11: Homecoming and Reckoning.

The next day, on Sunday, April 20th, 2008 — exactly three months after we arrived on the island — we filed aboard a small, rickety prop plane, and forty-five minutes later we landed at Miami International Airport.

At first it was strange to be back, and for a time I went about marveling at relatively normal things: showers that could be relied upon to  quickly deliver hot water; billboards that did not feature the word “revolution”; restaurant entrees that did not involve pork. But I was not in Cuba for time enough for these things to be very foreign. This was always my home, and things in Cuba only seemed strange because I was comparing them to here.

I talked about Cuba quite a bit in the months after I came home, and at some point the conversation would inevitably turn to the future. And while I don’t know better than anyone else what the future holds for the island, I have seen things that give me some hope.

Raúl’s appointment as the President of Cuba is a temporary measure; at seventy-seven, it’s unlikely that he’ll govern for long even given Fidel’s seeming immortality. So far his tenure has been mostly unremarkable, and his reforms – like allowing Cubans to purchase cell phones or stay in hotels formerly open only to tourists – are mostly symbolic, given the prohibitively high cost of those items to normal Cubans. But for his whole life Raúl has inclined toward pragmatism. As a commander in the army that pragmatism earned him a reputation as being cold-hearted and cruel, but now, as an old man, it could serve him better in his negotiations with the United States.

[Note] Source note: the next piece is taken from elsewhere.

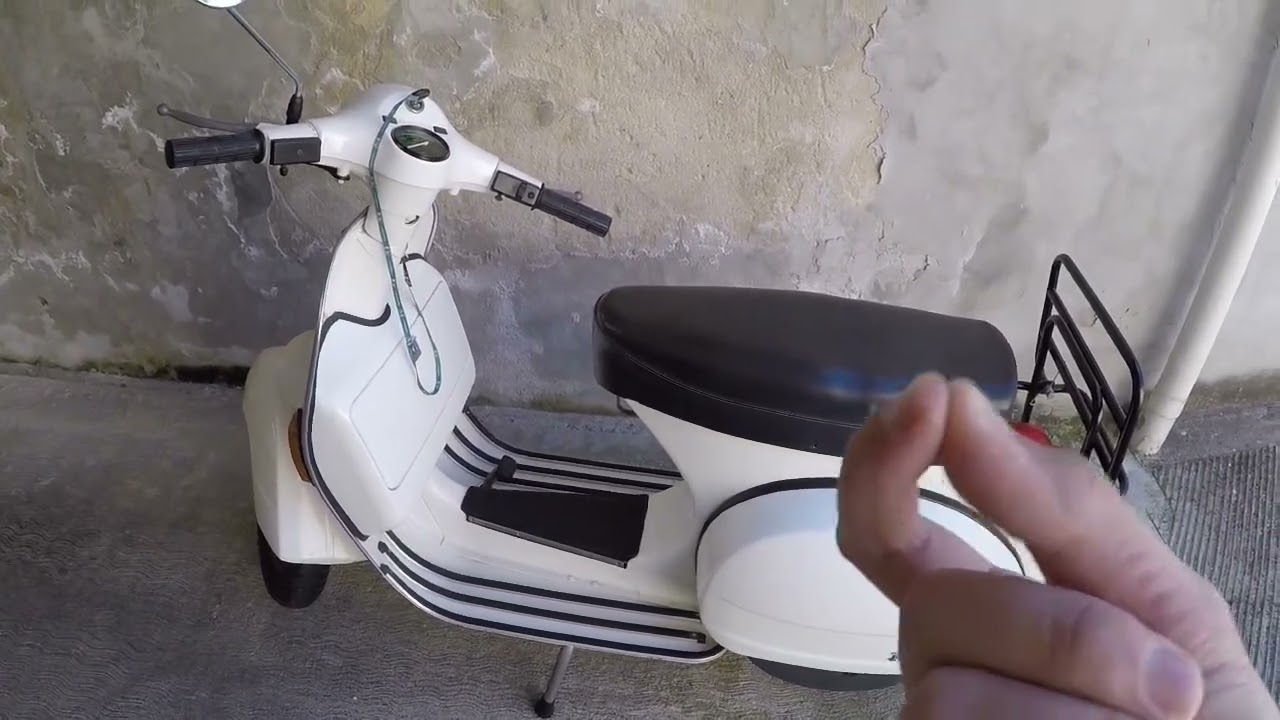 Cold Start Vespa PX125E 1982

As I write this, Barack Obama is twenty-seven days away from being sworn in as President of the United States, and whatever that means for the country as a whole, it will probably signal a shift in policy toward Cuba. During the campaign Obama made cautious overtures toward repairing ties with Cuba, including calling for unrestricted travel for Americans with Cuban relatives and a loosening of the restrictions on remittances sent back to the island. The fact that he won Florida (and in particular Miami-Dade County) in the election is indicative of how much attitudes there have changed toward Cuba, and in general support for the embargo seems to be waning across the board.

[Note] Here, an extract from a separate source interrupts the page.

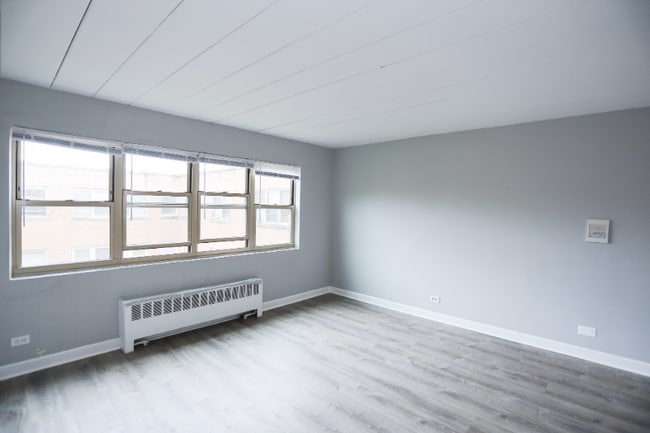 Photo - 5649 N Christiana Ave Apartment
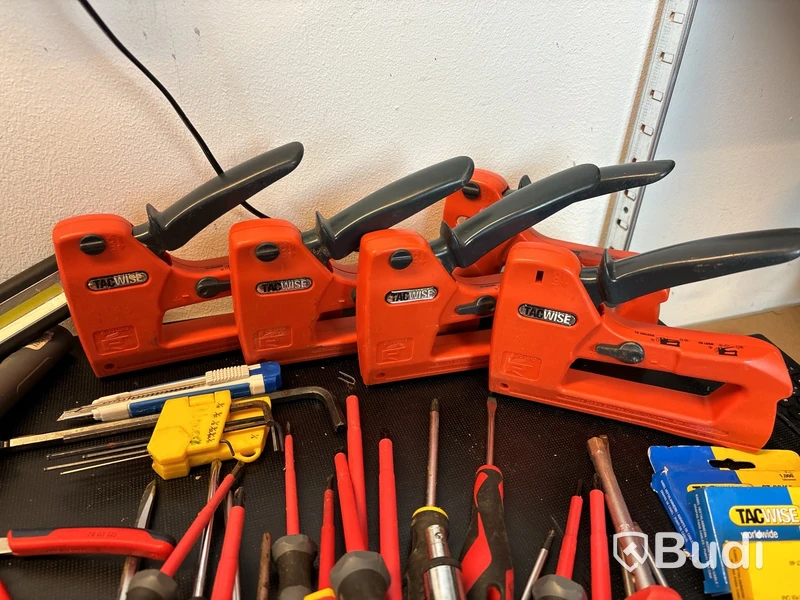 Häftpistoler, verktyg & förbrukningsmaterial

I think, then, that we’re going to see a major change in the next five years with regard to Cuba, and it would not surprise me if by 2015 the Communist government had fallen (or at least undergone serious changes) and U.S. – Cuban relations had been normalized.

Formal diplomatic relations, though, will not be sufficient to fully heal the rift between our two countries, and I worry that many Americans expect that, when the Communist government falls, the situation will return to where it was before the revolution. This is simply not so, and the expectation could prove harmful.

In 1959, Cuba was the most American country (outside the United States, of course) in the world. Business interests controlled the country so completely that we may as well have annexed the thing. Havana got color TV well before most of the rural United States. American movies opened simultaneously on the island and on the mainland. Habaneros drove cars as nice or nicer than their American counterparts.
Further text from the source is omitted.